## [Exercise]
Quote, word for word, only the lines running from the line with "Filename=House_of_the_Dragon_S01E05_mkv2354.jpg" through the end of the listing. Leave out the pictures.

## [Exercise materials]
▬▬▬▬▬▬
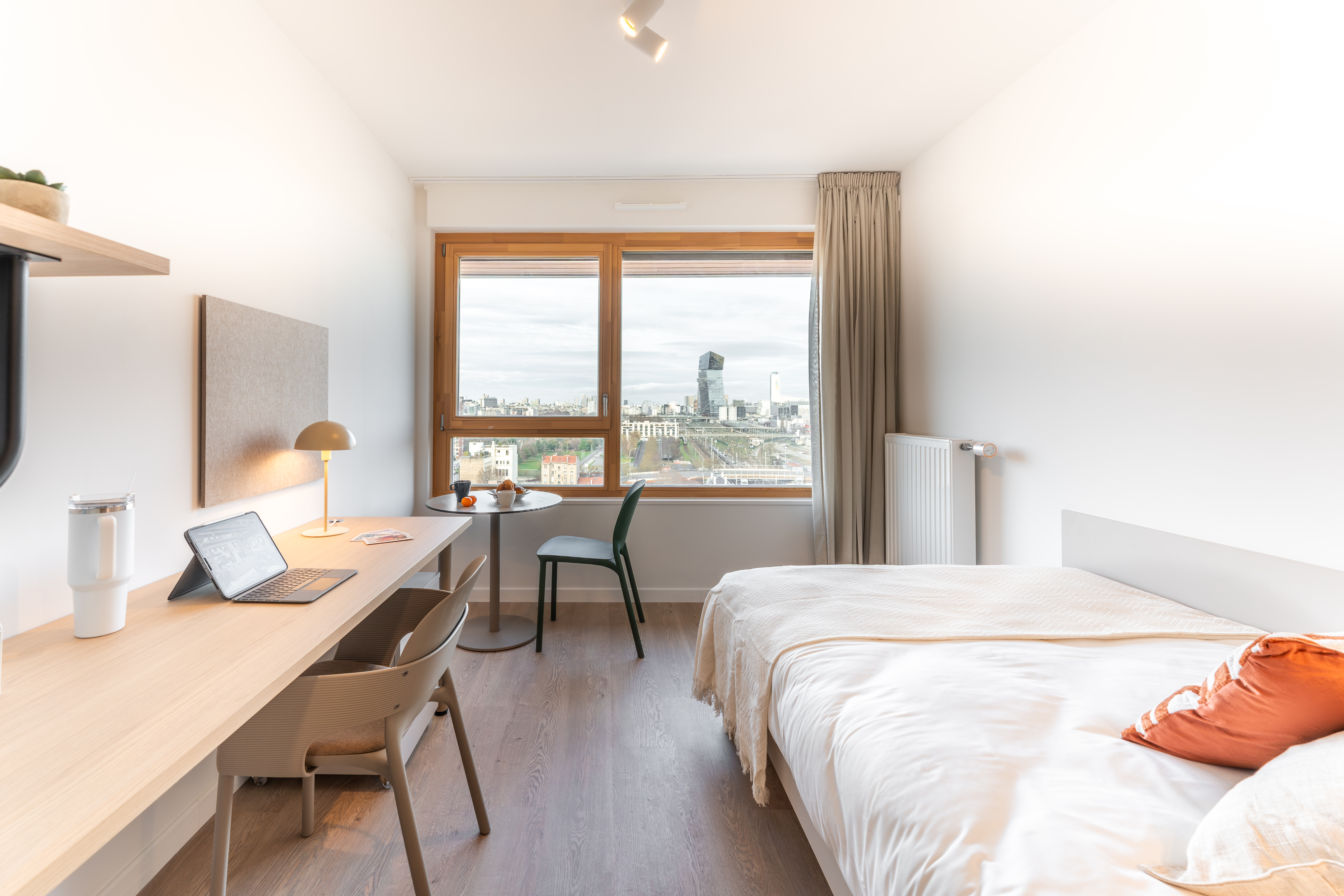 uhomes.com | Student Accommodation, Housing, Flats, Apartments for Rent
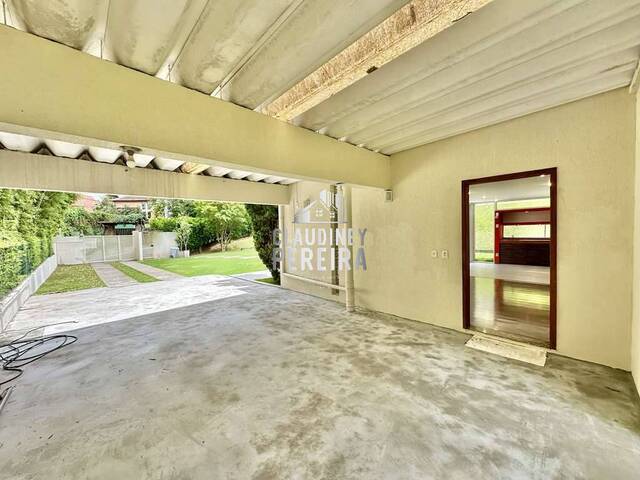 Casa em condomínio para Venda em Carapicuíba - 5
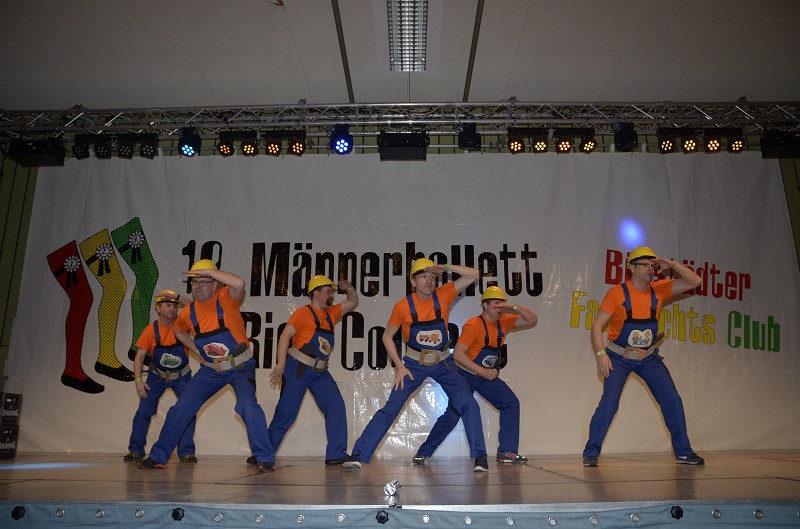 MBRC 2016 (469).JPG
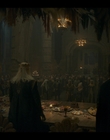 Filename=House_of_the_Dragon_S01E05_mkv2354.jpg
Filesize=950KiB
Dimensions=1920x1080
Date added=Sep 20, 2022 House_of_the_Dragon_S01E05_mkv2354.jpg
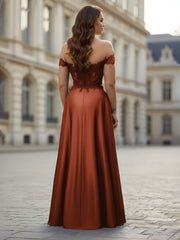 Rouille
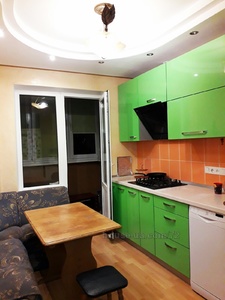 Зняти квартиру, Чешка, Варненская ул., Одеса, id 42988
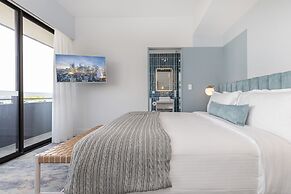 The Albert Hotel Mosman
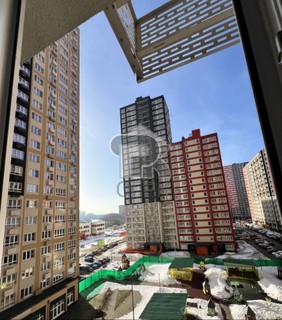 Купить студию, №389073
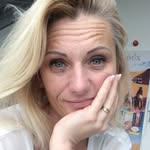 Nance - @nancyeikmans - Instagram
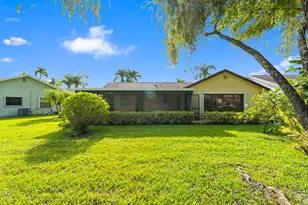 18051 S 104th Ter Terrace S, Boca Raton, FL 33498 - Photo 27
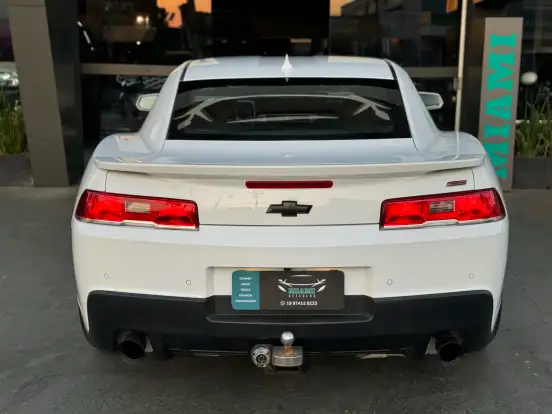CHEVROLET-CAMARO-2013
▬▬▬▬▬▬
## [Result]
 Filename=House_of_the_Dragon_S01E05_mkv2354.jpg
Filesize=950KiB
Dimensions=1920x1080
Date added=Sep 20, 2022 House_of_the_Dragon_S01E05_mkv2354.jpg
 Rouille
 Зняти квартиру, Чешка, Варненская ул., Одеса, id 42988
 The Albert Hotel Mosman
 Купить студию, №389073
 Nance - @nancyeikmans - Instagram
 18051 S 104th Ter Terrace S, Boca Raton, FL 33498 - Photo 27
CHEVROLET-CAMARO-2013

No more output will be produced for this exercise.